Bien sûr ! je dis souvent que là où il y a l’eau, on l’assèche, là où il n’y en a pas, on la fait venir. Là où il y a une montagne, on la rase, là où il n’y en pas, on en fait une… Ce sont les hommes et les femmes, les personnes les plus avisées, qui vont ralentir le rythme. Qui feront qu’il n’y aura plus, par exemple, de pénuries de masques à l’avenir, en fabricant localement. Je crois aux hommes, à la proximité, à la synergie, je crois en la macro-économie. On ne peut pas imposer les mêmes décisions à New-York qu’à Quintillan, petit village de l’Aude de 41 habitants. La gestion d’une métropole n’est pas la même qu’un village, c’est aussi simple que ça.

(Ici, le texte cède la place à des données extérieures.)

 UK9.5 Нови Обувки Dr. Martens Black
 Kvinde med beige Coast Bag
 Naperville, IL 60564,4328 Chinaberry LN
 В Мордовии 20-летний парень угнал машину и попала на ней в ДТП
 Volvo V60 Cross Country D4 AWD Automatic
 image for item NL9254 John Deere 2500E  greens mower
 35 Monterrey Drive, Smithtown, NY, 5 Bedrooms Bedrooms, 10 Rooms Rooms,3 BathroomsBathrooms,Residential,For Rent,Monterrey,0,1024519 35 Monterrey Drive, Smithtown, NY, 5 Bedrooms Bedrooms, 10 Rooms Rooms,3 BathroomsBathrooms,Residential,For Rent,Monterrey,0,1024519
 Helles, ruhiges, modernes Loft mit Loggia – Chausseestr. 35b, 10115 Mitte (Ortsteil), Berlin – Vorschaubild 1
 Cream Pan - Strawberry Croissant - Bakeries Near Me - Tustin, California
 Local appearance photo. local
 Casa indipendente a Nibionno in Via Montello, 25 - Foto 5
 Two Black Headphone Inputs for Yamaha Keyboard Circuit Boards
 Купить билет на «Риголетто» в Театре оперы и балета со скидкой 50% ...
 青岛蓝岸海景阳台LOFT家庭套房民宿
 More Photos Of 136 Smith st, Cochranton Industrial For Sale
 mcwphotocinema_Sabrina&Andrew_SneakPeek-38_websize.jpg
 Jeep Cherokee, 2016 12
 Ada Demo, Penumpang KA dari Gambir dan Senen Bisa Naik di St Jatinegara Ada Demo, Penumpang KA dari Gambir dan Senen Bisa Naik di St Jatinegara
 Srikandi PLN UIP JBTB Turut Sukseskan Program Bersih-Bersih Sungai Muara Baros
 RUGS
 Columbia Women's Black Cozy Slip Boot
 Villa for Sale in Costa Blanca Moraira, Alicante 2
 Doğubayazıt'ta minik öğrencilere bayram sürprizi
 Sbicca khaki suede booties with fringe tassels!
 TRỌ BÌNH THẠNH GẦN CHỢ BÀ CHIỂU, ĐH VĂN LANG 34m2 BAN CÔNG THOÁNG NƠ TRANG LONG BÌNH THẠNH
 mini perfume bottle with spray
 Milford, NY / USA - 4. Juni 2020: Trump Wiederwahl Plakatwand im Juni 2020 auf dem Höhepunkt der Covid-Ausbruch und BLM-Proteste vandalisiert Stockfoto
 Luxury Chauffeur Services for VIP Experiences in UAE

Dans le rugby, c’est pareil. Les plus grands clubs ont un modèle, il ne sert à rien de vouloir faire pareil, c’est un non sens. Même chez les pros, ils vont réduire la voilure, prenons le même plis dès maintenant. Ce sera bénéfique pour tous les clubs formateurs, et obligera les autres à s’y mettre, à regarder de plus près les talents proches d’eux. Même avec moins d’argent, le sport continuera à nous faire vibrer.
Donc même en fédérale 3, Leucate a donc de beaux jours à vivre…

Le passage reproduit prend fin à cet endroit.